In exercises 1 - 4, find the absolute extrema of the given function on the indicated closed and bounded set $$R$$.

1) $$f(x,y)=xy−x−3y; R$$ is the triangular region with vertices $$(0,0),(0,4),$$ and $$(5,0)$$.

2) Find the absolute maximum and minimum values of $$f(x,y)=x^2+y^2−2y+1$$ on the region $$R=\{(x,y)∣x^2+y^2≤4\}.$$

$$f$$ has an absolute minimum of $$0$$ at $$(0, 1)$$ and an absolute maximum of $$9$$ at $$(0,−2)$$.

3) $$f(x,y)=x^3−3xy−y^3$$ on $$R=\{(x,y):−2≤x≤2,−2≤y≤2\}$$

4) $$f(x,y)=\frac{−2y}{x^2+y^2+1}$$ on $$R=\{(x,y):x^2+y^2≤4\}$$

$$f$$ has an absolute minimum of $$-1$$ at $$(0,1)$$ and an absolute maximum of $$1$$ at $$(0,−1)$$.

5)  To be created...

6) Find the absolute minimum and absolute maximum of the function $$f(x,y) = xy^2 - 2x + 3$$ on the region between $$y = x/2$$ and $$y = \sqrt{x}$$, for $$0 \le x \le 4$$, showing all work, including work to find any critical points of $$f$$.  See the plot of the region in the $$xy$$-plane below.

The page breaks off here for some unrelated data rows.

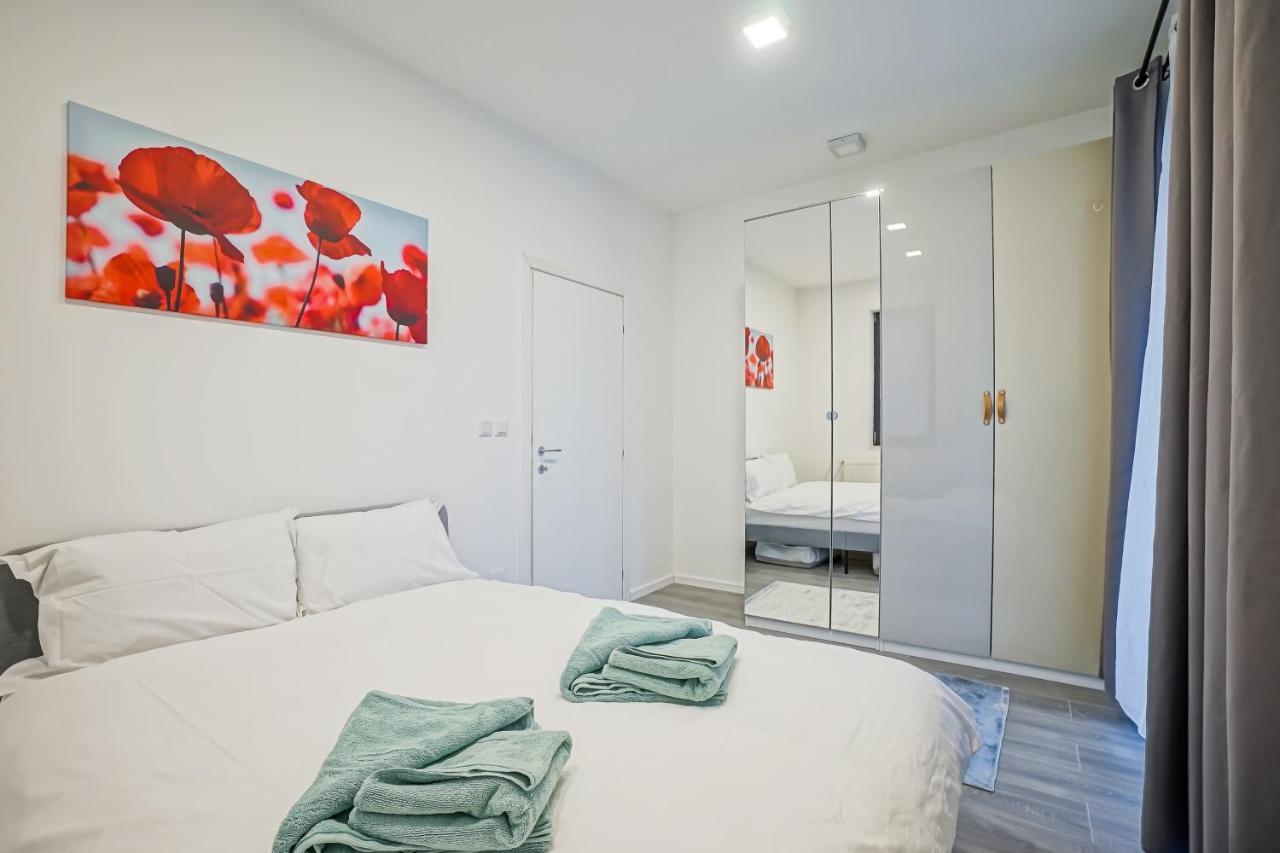 Bright Apartments Moments Away From Herastrau Park, Mall And Metro Bukares Bagian luar foto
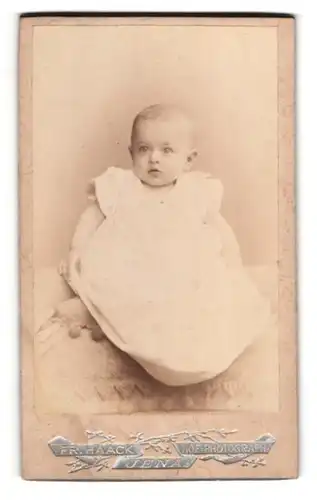 Fotografie Fr. Haack, Jena, Neugeborenes im Kleidchen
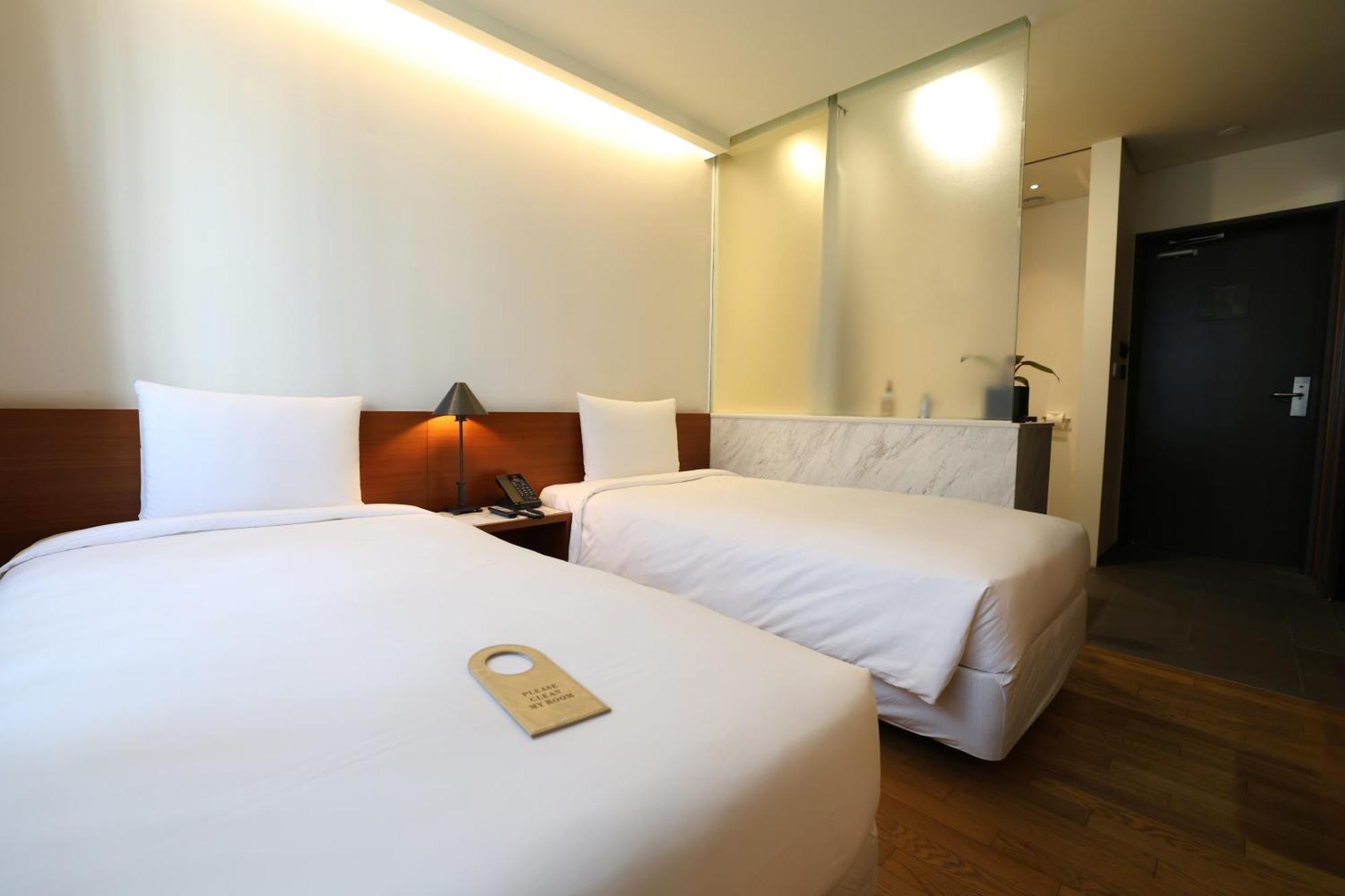 Seoul Hotel Shinshin Myeongdong Zewnętrze zdjęcie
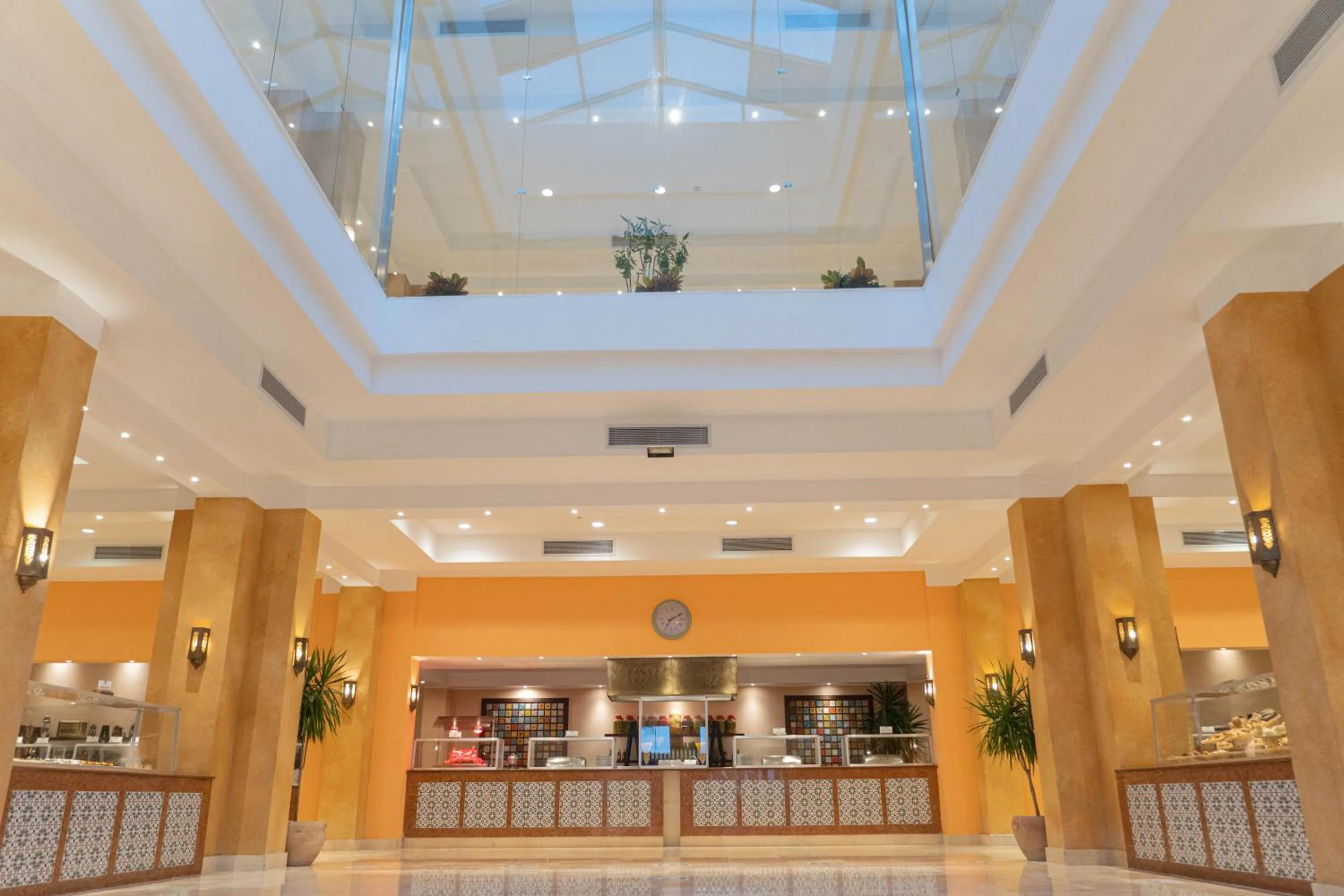 Restaurant/places to eat in Caesar Bay Resort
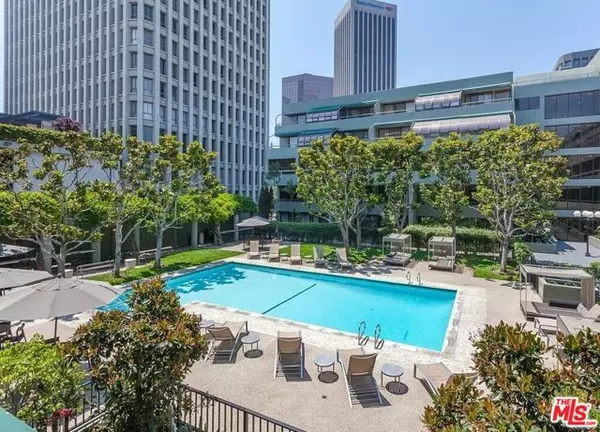 880 W 1st St #304, Los Angeles, CA 90012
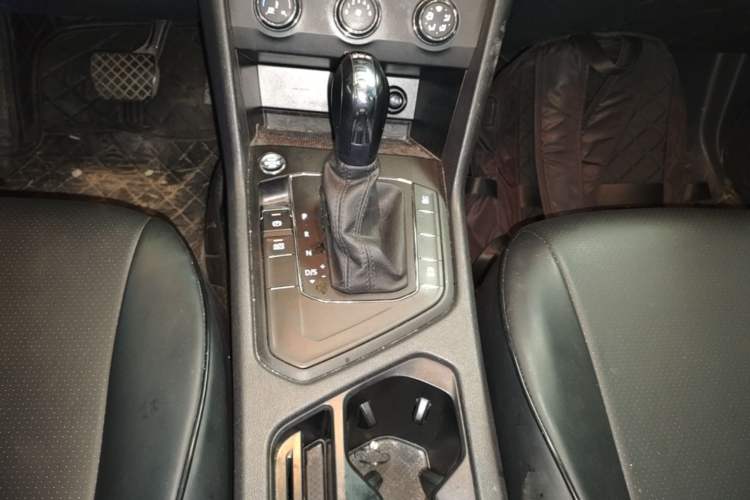 Used Volkswagen Tharu 2020 280TSI Two-Wheel Drive Trend Edition China VI Standard Gear Lever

$$f$$ has an absolute minimum of   $$3 - \frac{8\sqrt{6}}{9} \approx 0.822676$$   at $$\left( \frac{2\sqrt{6}}{3}, \frac{\sqrt{6}}{3} \right)$$ and an absolute maximum of $$11$$ at $$(4, 2)$$.
Solution:
First, we find the critical points of $$f$$.  The partials of $$f$$ are:
\begin{align*} f_x(x,y) &= y^2 - 2 \\ f_y(x,y) &= 2xy \end{align*}
Setting the partials both equal to $$0$$, we get the equations:
$y^2 - 2 = 0 \qquad \text{and} \qquad 2xy = 0 \nonumber$
Solving the first for $$y$$ gives us: $$y = \pm \sqrt{2}$$.

If $$y = \sqrt{2}$$, the second equation becomes $$2x(\sqrt{2}) = 0$$.  Solving this equation for $$x$$, we get $$x = 0$$.

Note that if $$y = -\sqrt{2}$$, we also get $$x = 0$$.

Thus, the critical points of $$f$$ are: $$(0, -\sqrt{2})$$ and $$(0, \sqrt{2})$$.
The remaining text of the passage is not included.